A trade deficit is an economic situation that occurs when a country imports more goods than it is exporting. The opposite is true for trade surplus. A trade deficit or surplus is thus calculated by subtracting the total value of goods being imported and exported.
A trade deficit typically occurs when a country is unable to produce everything it needs and as such, borrows abroad to pay for the imports. This is referred to as current account deficit.
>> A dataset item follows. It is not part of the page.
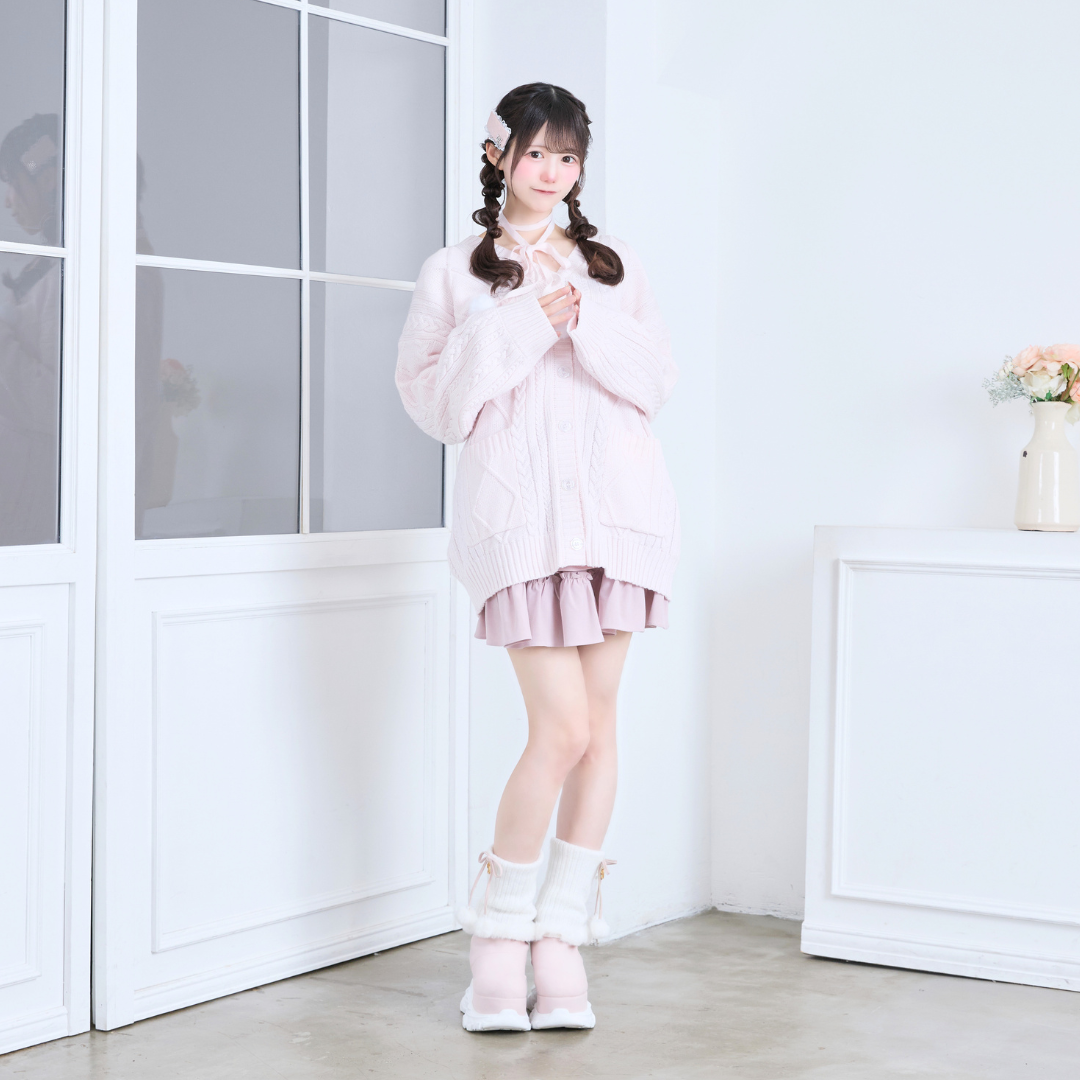 《LAFARY closet》ルーズニット厚底ブーツ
In the short run, trade deficit has positive impacts which includes improved standard of living since residents in the home country have access to a wide variety of goods and services at competitive prices and checks inflation since prices become competitive.
However, in the long run, trade deficits can lead to decreased job opportunities in some industries and harsh economic downturns.

In 2018, Dr Owusu Afriyie-Akoto, Minister of Food and Agriculture disclosed that Ghana spends over a billion dollars to import rice annually since 2015. This has posed varying issues to local rice farmers.

Following this trade deficit, Ghana’s economy could be in for bumpy ride since more dollars will be demanded to transact trade. This migh cause the Cedi to weaken and stimulate inflation in the long-run unless part of the country’s reserve is used to support the demand for dollars.
It is worthy to note that, Ghana achieved a trade surplus of at least US$1.1 billion in 2018. A first in the past 20 years.